Show that $S^2$ is not diffeomorphic to the Torus.
There are lot of duplications of this question in MSE and I have seen an answer that uses Euler numbers. But let me describe how differ this post from them before marking this as a duplicate. I found this exercise in Guillemin Pollack Differential Topology book under the section of Intersection theory mod 2 of "Transversality and Intersection" chapter. So definitely we have to use some facts or property on intersection mod 2. But honestly I have no clue what to use/ how to start... Can anyone please help me to figure this out?

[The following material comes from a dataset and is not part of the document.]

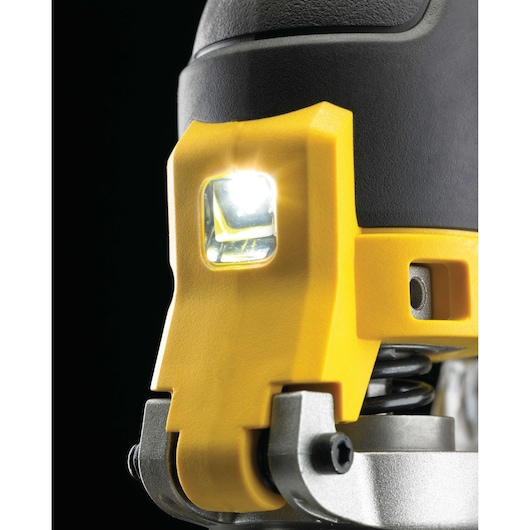 Close-up view of the LED light on a DEWALT power tool, showing the yellow casing and metallic parts.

Let $R>r>0.$ The map $f:\mathbb{S}^1\times \mathbb{S}^1\to \mathbb{R}^3$ given by $$f(e^{i\alpha},e^{i\beta})=((R+r\cos\beta)\cos\alpha,(R+r\cos\beta)\sin\alpha,r\sin\beta)$$ is an embedding and parametrizes the torus. The two circles $f(e^0,e^{i\beta})$ and $f(e^{i\alpha},e^{i\frac{\pi}{2}})$ have intersection exactly the point $(R,0,r),$ so have intersection $1$ mod $2.$ By the other hand, any two curves in $\mathbb{S}^2$ have intersection $0$ mod $2.$ Indeed, any curve in $\mathbb{S}^2$ misses a point by Sard theorem. Since $\mathbb{S}^2-\{p\}\cong \mathbb{R}^2,$ any curve in $\mathbb{S}^2$ is contractible.
This proves that $\mathbb{S}^2$ and the torus are not diffeomorphic.